Why do the plans for the site keep changing?
It becomes necessary to alter plans to suit changing industry needs. The waste industry is continually progressing as technologies change, markets evolve and legislation is amended, which the site plans need to follow.
Will the plant harm wildlife?
No. The grounds of the IWMF will be planted with a variety of vegetation, including some woodland and medieval moat that is home to a small colony of great crested newts. Indaver’s Meath facility in Ireland is in a similar rural setting and the grounds are home to hares, bats, newts, foxes, bumble bees and a wide variety of wildflowers and insects.
Why have you applied for a shorter stack (chimney)?
The new application is to reduce the height of the stack from 58m to 35m and align its Environmental Permit to its existing (and implemented) planning permission.
The application proposes to implement an advanced form of the emission abatement technologies (advanced Selective Non Catalytic Reduction), along with tighter operational controls that are widely used on similar European facilities.
Relying on many years of operational experience, Indaver are confident that lower emissions limits will be achieved using advanced abatement technologies, which are already used in many plants across Europe.
The Environment Agency will now assess this application.
Why was this technology not proposed in the first Environmental Permit application?
Quite simply, the scientific assessments completed by Gent Fairhead and the Environment Agency demonstrated that the emissions from the stack using standard abatement technologies were acceptable.
In its decision document granting the IWMF’s Environmental Permit for the 58m stack, the Environment Agency stated that “…even with a stack height of 35 metres we were satisfied that no air quality or human health thresholds would have been exceeded”
Having considered the EA’s original decision report, and its consultation responses to local Councillors and members of the public who had expressed concern about the height of the stack (being too small), Gent Fairhead decided to make a second Environmental Permit and planning application to change the height of the stack to 58m.
Local Councillors and members of the public have now raised concerns that the 58m stack is potentially too high. Therefore, it has been decided to introduce tighter operational controls and advanced abatement technologies so that the emissions from the lower 35 metre stack will be similar to those approved by the Environment Agency for a higher 58 metre stack.

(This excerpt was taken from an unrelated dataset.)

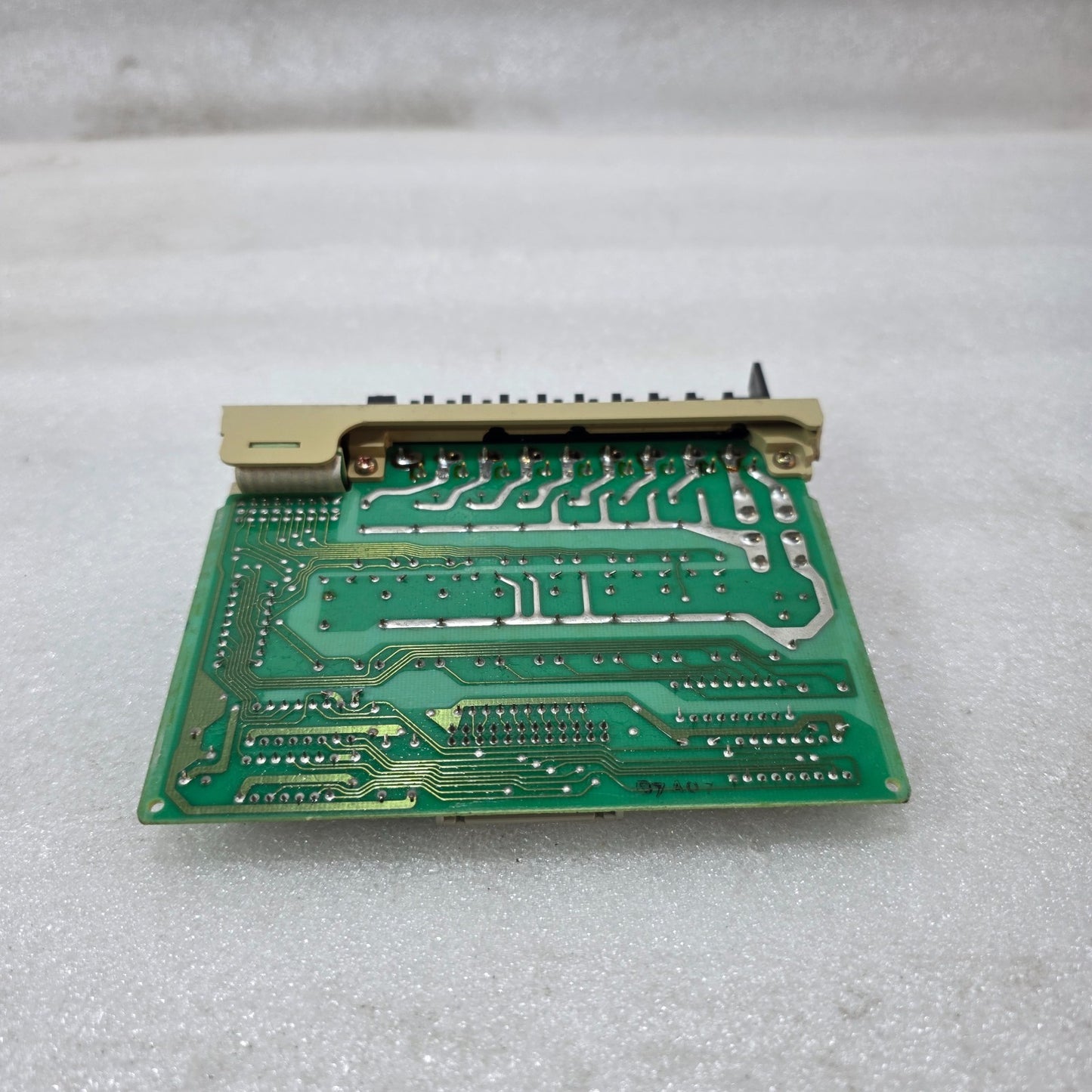 HITACHI RY/SSR OUTPUT MODULE 33029692-1 | POM-RBH PLC RELAY/SSR OUTPUT BOARD | M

Will the entire IWMF be constructed?
Gent Fairhead & Co Limited has been working for many years on the development of the waste management facility at Rivenhall Airfield. This has incurred very considerable expenditure, which clearly demonstrates the intention to build the IWMF.
Once the planning permission and Environmental Permit are aligned, the team will be in a position to move very quickly to close the financing and commence the overall site preparation and main civil engineering construction works.
Along with constructing the energy-from-waste plant, Indaver will be building the new site access road, carrying out the ground works for the whole site, constructing the temporary site compound and providing connections to utilities, as well as refurbishing Woodhouse Farm and the Bake House.
Various partners will be involved in the construction and operation of the site’s installations.